Print, exactly as written, the line containing "West Hyannisport Cape" and every line after it, ending with the final line of the data below.

Web page caption snippets
..............................
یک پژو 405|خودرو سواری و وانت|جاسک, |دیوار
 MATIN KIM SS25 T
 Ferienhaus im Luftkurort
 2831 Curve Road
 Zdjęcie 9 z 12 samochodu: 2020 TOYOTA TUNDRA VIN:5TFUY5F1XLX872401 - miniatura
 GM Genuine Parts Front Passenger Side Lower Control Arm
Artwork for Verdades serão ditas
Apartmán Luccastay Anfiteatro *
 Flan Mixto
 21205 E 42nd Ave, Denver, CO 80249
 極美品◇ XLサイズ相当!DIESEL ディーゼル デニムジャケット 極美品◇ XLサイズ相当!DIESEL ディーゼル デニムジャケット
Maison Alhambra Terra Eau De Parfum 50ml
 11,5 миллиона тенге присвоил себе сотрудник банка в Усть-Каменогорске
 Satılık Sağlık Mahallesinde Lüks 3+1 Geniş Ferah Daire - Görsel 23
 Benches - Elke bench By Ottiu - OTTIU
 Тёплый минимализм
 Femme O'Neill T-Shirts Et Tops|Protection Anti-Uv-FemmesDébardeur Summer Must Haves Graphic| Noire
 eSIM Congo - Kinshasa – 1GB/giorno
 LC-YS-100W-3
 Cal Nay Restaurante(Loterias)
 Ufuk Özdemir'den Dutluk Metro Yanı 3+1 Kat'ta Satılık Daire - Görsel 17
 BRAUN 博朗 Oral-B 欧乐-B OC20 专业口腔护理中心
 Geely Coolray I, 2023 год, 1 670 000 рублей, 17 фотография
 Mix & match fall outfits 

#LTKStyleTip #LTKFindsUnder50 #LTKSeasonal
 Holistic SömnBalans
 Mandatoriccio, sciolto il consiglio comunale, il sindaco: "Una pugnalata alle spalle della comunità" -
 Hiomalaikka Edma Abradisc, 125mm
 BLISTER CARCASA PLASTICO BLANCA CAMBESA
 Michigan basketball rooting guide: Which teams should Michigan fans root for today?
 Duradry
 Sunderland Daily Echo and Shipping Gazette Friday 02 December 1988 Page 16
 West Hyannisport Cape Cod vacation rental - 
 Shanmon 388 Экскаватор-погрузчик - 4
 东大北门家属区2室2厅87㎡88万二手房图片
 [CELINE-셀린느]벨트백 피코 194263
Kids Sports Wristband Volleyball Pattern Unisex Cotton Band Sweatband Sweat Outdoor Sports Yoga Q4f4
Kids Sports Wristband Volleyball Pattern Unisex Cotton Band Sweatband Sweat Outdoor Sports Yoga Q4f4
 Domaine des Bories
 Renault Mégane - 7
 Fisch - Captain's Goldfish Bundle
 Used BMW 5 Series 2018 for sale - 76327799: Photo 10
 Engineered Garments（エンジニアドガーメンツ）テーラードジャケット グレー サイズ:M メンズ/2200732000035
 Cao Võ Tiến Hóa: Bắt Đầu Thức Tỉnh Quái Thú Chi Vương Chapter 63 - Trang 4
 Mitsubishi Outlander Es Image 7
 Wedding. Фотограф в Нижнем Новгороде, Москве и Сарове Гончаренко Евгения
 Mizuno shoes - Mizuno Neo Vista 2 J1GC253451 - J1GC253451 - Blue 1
..............................
Task response -
 West Hyannisport Cape Cod vacation rental - 
 Shanmon 388 Экскаватор-погрузчик - 4
 东大北门家属区2室2厅87㎡88万二手房图片
 [CELINE-셀린느]벨트백 피코 194263
Kids Sports Wristband Volleyball Pattern Unisex Cotton Band Sweatband Sweat Outdoor Sports Yoga Q4f4
Kids Sports Wristband Volleyball Pattern Unisex Cotton Band Sweatband Sweat Outdoor Sports Yoga Q4f4
 Domaine des Bories
 Renault Mégane - 7
 Fisch - Captain's Goldfish Bundle
 Used BMW 5 Series 2018 for sale - 76327799: Photo 10
 Engineered Garments（エンジニアドガーメンツ）テーラードジャケット グレー サイズ:M メンズ/2200732000035
 Cao Võ Tiến Hóa: Bắt Đầu Thức Tỉnh Quái Thú Chi Vương Chapter 63 - Trang 4
 Mitsubishi Outlander Es Image 7
 Wedding. Фотограф в Нижнем Новгороде, Москве и Сарове Гончаренко Евгения
 Mizuno shoes - Mizuno Neo Vista 2 J1GC253451 - J1GC253451 - Blue 1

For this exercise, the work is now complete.